How to complete this task –
If a record holds a picture, skip the picture but print everything else exactly.

Data shown –
########

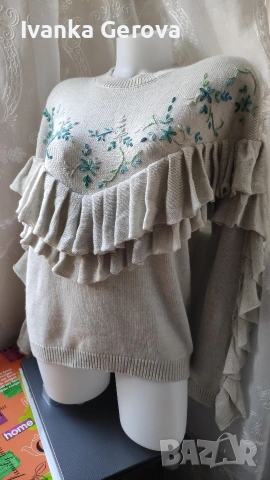 Дамска блуза,ръчно бродирана 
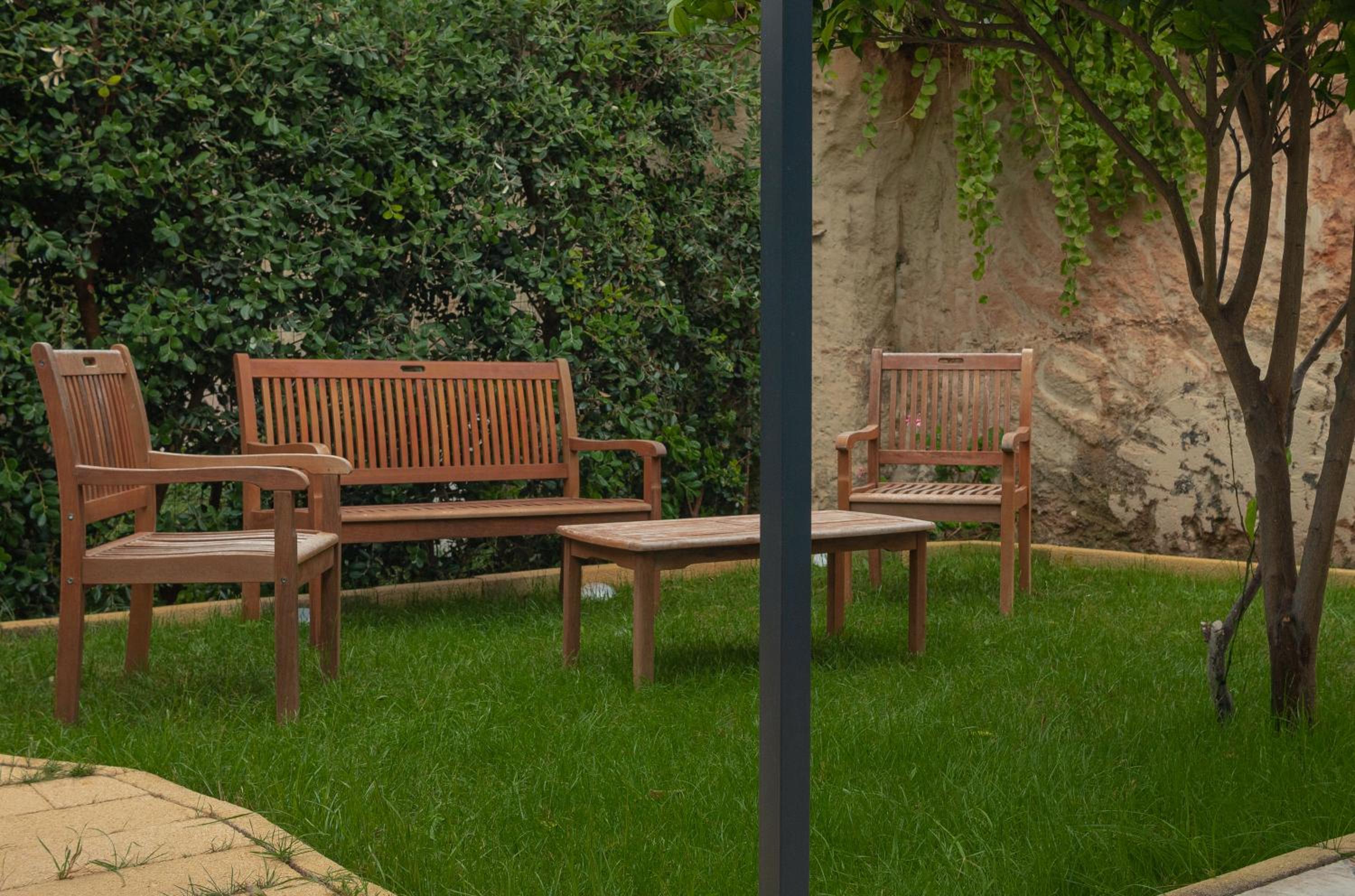 Double Room with Garden View - Photo 15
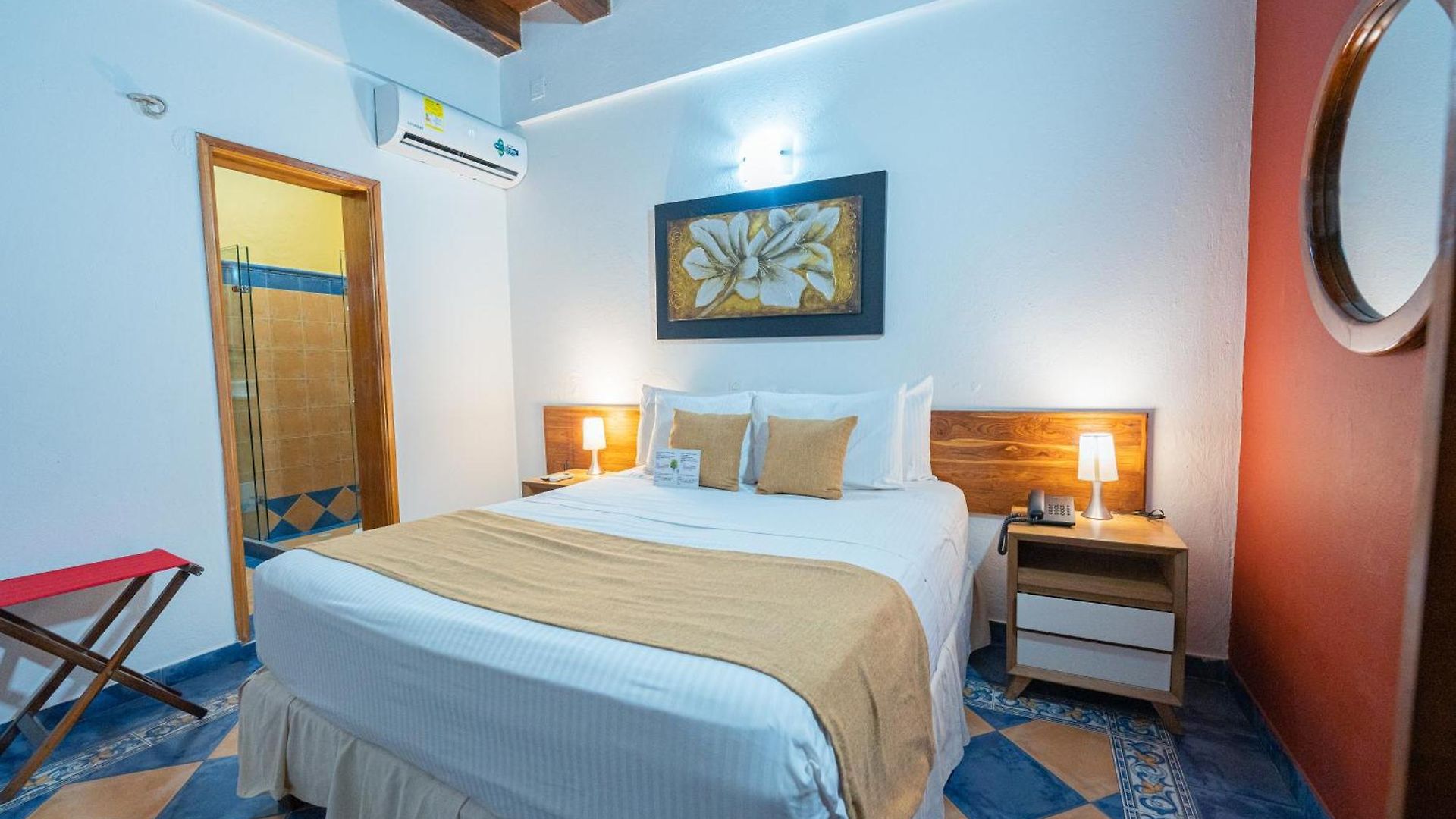 Hotel 3 Banderas 3*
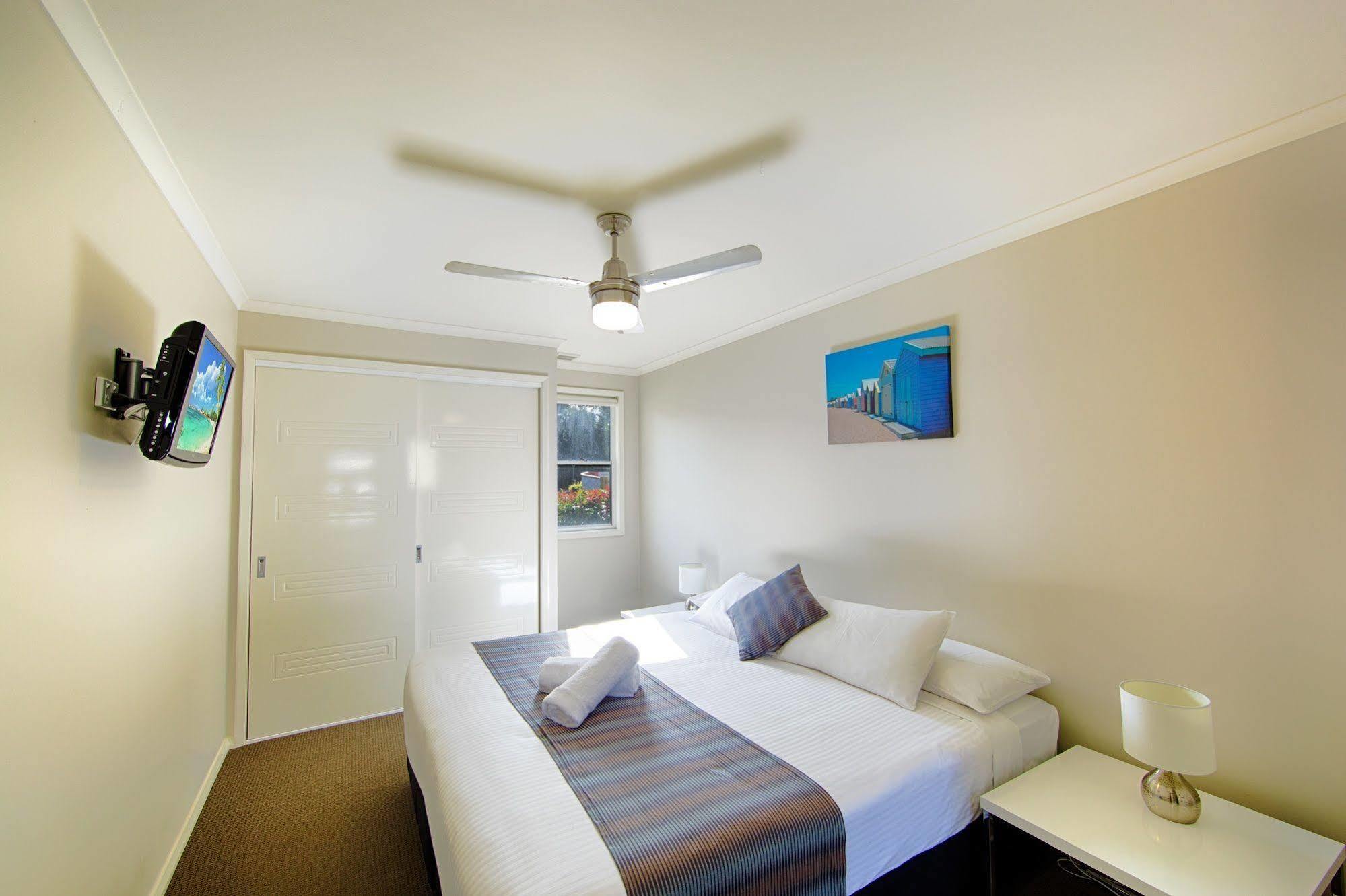 Ingenia Holidays Middle Rock One Mile Extérieur photo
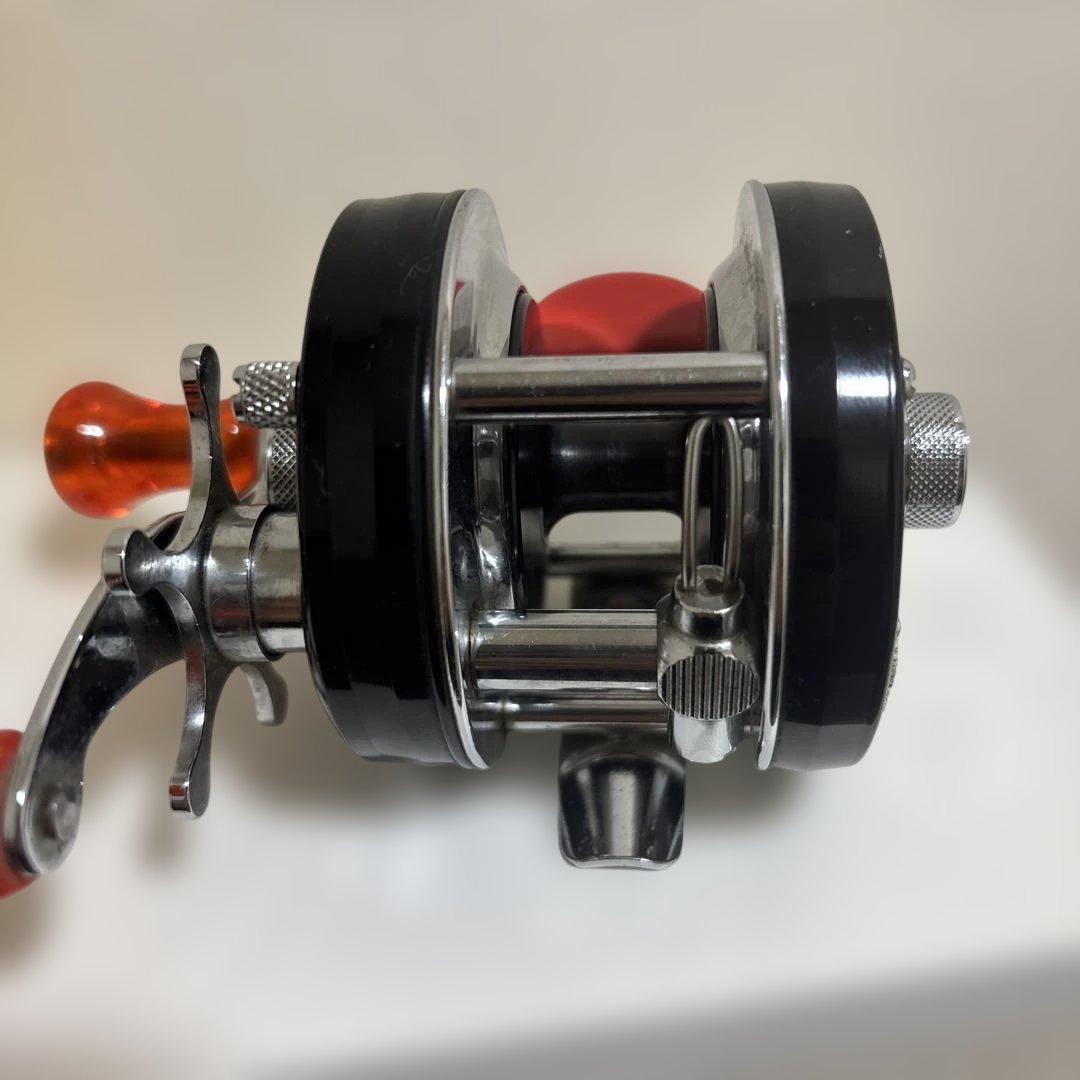 ABU Ambassadeur 4600C Sweden アブガルシア 赤ベロ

########

Problem solution –
 Дамска блуза,ръчно бродирана 
 Double Room with Garden View - Photo 15
 Hotel 3 Banderas 3*
 Ingenia Holidays Middle Rock One Mile Extérieur photo
 ABU Ambassadeur 4600C Sweden アブガルシア 赤ベロ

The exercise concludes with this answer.